Modeling users' preference from his historical sequences is one of the core problem of sequential recommendation. Existing methods in such fields are widely distributed from conventional methods to deep learning methods. However, most of them only model users' interests within their own sequences and ignore the fine-grained utilization of dynamic collaborative signals among different user sequences, making them insufficient to explore users' preferences. We take inspiration from dynamic graph neural networks to cope with this challenge, unifying the user sequence modeling and dynamic interaction information among users into one framework. We propose a new method named \emph{Dynamic Graph Neural Network for Sequential Recommendation} (DGSR), which connects the sequence of different users through a dynamic graph structure, exploring the interactive behavior of users and items with time and order information.
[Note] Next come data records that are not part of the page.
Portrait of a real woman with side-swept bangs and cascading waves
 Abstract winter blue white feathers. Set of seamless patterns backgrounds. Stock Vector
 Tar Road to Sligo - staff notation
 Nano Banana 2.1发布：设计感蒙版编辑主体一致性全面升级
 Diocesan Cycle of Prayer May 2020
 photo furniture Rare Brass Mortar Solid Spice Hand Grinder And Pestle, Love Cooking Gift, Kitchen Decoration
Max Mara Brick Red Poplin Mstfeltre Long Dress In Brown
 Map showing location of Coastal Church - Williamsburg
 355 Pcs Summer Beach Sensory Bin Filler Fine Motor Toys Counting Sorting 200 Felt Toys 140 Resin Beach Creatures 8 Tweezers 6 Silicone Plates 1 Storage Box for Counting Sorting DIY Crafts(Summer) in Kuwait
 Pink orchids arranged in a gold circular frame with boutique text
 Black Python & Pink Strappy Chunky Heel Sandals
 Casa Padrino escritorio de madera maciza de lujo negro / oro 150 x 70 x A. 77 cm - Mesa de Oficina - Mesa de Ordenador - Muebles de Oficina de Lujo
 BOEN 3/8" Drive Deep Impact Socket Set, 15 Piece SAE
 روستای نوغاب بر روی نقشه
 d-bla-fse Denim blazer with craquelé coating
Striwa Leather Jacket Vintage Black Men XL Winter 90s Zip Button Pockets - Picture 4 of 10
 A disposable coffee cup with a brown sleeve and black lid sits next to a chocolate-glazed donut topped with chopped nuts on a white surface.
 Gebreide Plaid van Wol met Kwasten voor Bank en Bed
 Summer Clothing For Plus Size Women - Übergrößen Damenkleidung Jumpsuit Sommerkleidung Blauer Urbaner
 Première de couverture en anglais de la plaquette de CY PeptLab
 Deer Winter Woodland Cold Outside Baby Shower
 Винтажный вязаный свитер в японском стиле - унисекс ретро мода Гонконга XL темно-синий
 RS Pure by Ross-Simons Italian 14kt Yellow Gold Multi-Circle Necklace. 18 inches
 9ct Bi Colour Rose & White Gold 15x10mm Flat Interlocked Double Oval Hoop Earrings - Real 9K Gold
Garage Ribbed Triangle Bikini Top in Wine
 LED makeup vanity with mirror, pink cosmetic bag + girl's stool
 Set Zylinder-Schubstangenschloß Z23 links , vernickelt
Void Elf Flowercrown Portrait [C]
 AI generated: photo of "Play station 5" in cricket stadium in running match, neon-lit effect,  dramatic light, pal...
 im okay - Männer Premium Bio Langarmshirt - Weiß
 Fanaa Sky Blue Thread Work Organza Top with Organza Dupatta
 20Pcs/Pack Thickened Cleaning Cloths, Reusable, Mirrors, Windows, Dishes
Furthermore, we design a Dynamic Graph Attention Neural Network to achieve the information propagation and aggregation among different users and their sequences in the dynamic graph. Consequently, the next-item prediction task in sequential recommendation is converted into a link prediction task for the user node to the item node in a dynamic graph. Extensive experiments on four public benchmarks show that DGSR outperforms several state-of-the-art methods. Further studies demonstrate the rationality and effectiveness of modeling user sequences through a dynamic graph.